İcâzet aldığı 1888'den II. Meşrutiyet'in ilânına kadar geçen sürede klasik bir Osmanlı âlimi olarak fıkıh, İslâm felsefesi ve tasavvufla ilgili çeşitli konular üzerinde yoğunlaşan Mûsâ Kâzım, II. Meşrutiyet günlerinde İttihat ve Terakkî Cemiyeti'ne üye olmuş, bu dönemde cemiyetin ilmiye şubesinde Meşrutiyet'in yararları ve İslâm'a uygun bir sistem olduğu konusunda makale ve eserler kaleme almıştır
II. Meşrutiyetin İlanından sonra (1908) Mearif Nezaretinde kurulan Meclis-i Kebir-i İlmî azalığında görev yaptı. Hey’et-i A’yan’ın teşkili sırasında da İttihat ve Terakki cemiyetine üye olarak Meclis-i A’yan (senato) azalığına tayin edildi.
Mûsâ Kâzım'ın, zaman zaman İslamcılarla aynı görüşleri paylaştığı görülse de İttihat ve Terakkî'nin etkin bulunduğu ve bu cemiyet sayesinde şeyhülislâmlık yaptığı dönemlerde Meşrutiyet'i savunduğu, böylece bazı muhafazakâr İslâmcı aydınlardan farklı bir çizgi takip ettiği, hatta ıslah ve yenileşme konusundaki temayülleriyle Osmanlı Devleti'nin ilerici ve gelişmeci âlim tipinin bir temsilcisi haline geldiği söylenebilir. Şeyhülislâmlık görevinden ayrıldığı dönemlerde de muallimlik yapan Mûsâ Kâzım, 1. Dünya Savaşı'nın ardından İttihat ve Terakkî Cemiyeti liderlerinin tutuklanması üzerine Said Halim Paşa ve diğer arkadaşlarıyla birlikte Bekirağa Bölüğü'nde hapsedildi.
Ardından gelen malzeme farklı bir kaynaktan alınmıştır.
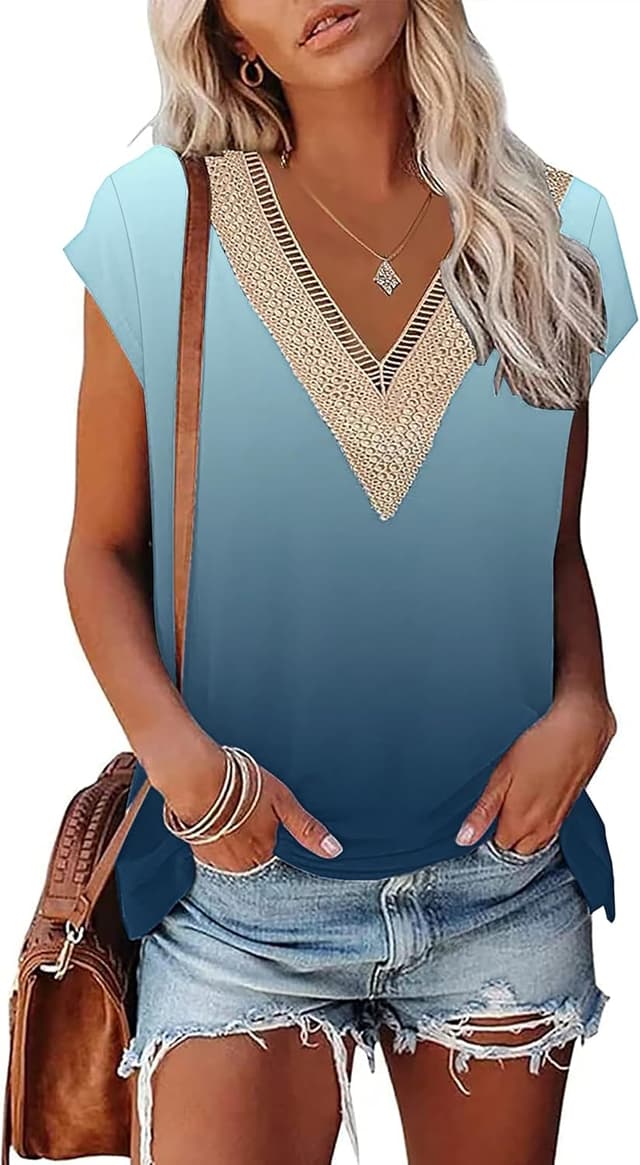 Detalle de Maglietta donna PLOKNRD scollo a V con pizzo, maniche corte e relaxed fit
Burada yargılanarak 13 Temmuz 1919 tarihinde on beş yıl kürek cezasına çarptırıldı; ancak mahkemenin kararını ağır bulan Sultan Vahdeddin cezasını üç yıl sürgüne çevirdi. Mûsâ Kâzım sürgün bulunduğu Edirne'de 10 Ocak 1920 tarihinde vefat etti ve Edirne Murâdiye Camii'nin hazîresine gömüldü. Ağır başlı, olgun ve faziletli bir kişiliğe sahip olduğu kaydedilir.